The Park tools are available from most online bike shops. I'm not sure what the problem is.


----------



## boomn (Jul 6, 2007)

gmcttr said:


> The Park tools are available from most online bike shops. I'm not sure what the problem is.


Yep, bikebling had a TW-2 out same day for me this week. Speedub is probably referring to the Craftsman wrenches, which are all out of stock online and apparently aren't being sent out to stores either (my local one has been out of stock for a while)


----------



## Grey_Wolf (Dec 19, 2007)

Well, i decided to order the park tool wrenches (couldn't find any other alternatives in Australia), and i received them today.

Just curious, they say to calibrate, it's a matter of bending the beam to align with 0. There's two beams (obviously), i assume that the pointer beam (beam in the foreground) is the one you want to bend to 'deform' so that it would align with 0, and during use, that beam is the one that stays static to give you the reading. And the background beam is the one that 'flexes' during use, which i would imagine you would want no deformation to occur. However, because main beam is subjected to flex (which is the basis to how it gives you a torque reading), can this beam eventually deform? And would this cause permanent inaccuracy (which cannot be re-calibrated)?


----------



## gmcttr (Oct 7, 2006)

It should not permanently deform when used as intended and within it's specified range.


----------



## Speedub.Nate (Dec 31, 2003)

gmcttr said:


> It should not permanently deform when used as intended and within it's specified range.

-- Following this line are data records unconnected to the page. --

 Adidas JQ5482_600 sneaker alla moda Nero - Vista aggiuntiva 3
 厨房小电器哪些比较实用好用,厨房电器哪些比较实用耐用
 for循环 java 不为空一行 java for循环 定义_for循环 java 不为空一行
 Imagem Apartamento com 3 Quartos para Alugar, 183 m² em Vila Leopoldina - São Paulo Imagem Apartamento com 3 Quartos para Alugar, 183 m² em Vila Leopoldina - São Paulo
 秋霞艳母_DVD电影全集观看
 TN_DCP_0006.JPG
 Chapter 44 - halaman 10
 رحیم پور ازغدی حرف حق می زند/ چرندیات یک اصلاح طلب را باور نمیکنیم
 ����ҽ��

I'd go a step further and say it WILL NOT -- steel is very predictable.


----------



## Grey_Wolf (Dec 19, 2007)

How far past the dial would the pointer have to go that it would damage the main beam?


----------



## gmcttr (Oct 7, 2006)

I don't think anyone can answer that unless they have done it with the model you have.

Taking the pointer past the markings on the scale is *not* using it as intended and within it's specified range.

It is a torque wrench and not a breaker bar. There is no need to ever go off the scale.

Do not abuse your tools and most of them will out live you.


----------



## Grey_Wolf (Dec 19, 2007)

Ah ok. Well when i received the TW1, it wasn't initially calibrated, the pointer was off to one side about 2 inch/lb, so i re-calibrated it. I first did this by holding the (round) handle, and bending the pointer to the opposite direction (bending the pointer about an inch past the dial) but it was still not at 0. I then realized that doing this was also bending the main beam, so i did the 'screw driver leverage' method to bend the pointer beam (which bent the main beam less and the pointer beam more getting it to 0). But my first attempt... while holding the handle and bending the pointer past the dial, could this have flexed the main beam too much as to damaging the wrench's accuracy?


----------



## SurfHenk (Dec 13, 2005)

peternguyen said:


> could this have flexed the main beam too much as to damaging the wrench's accuracy?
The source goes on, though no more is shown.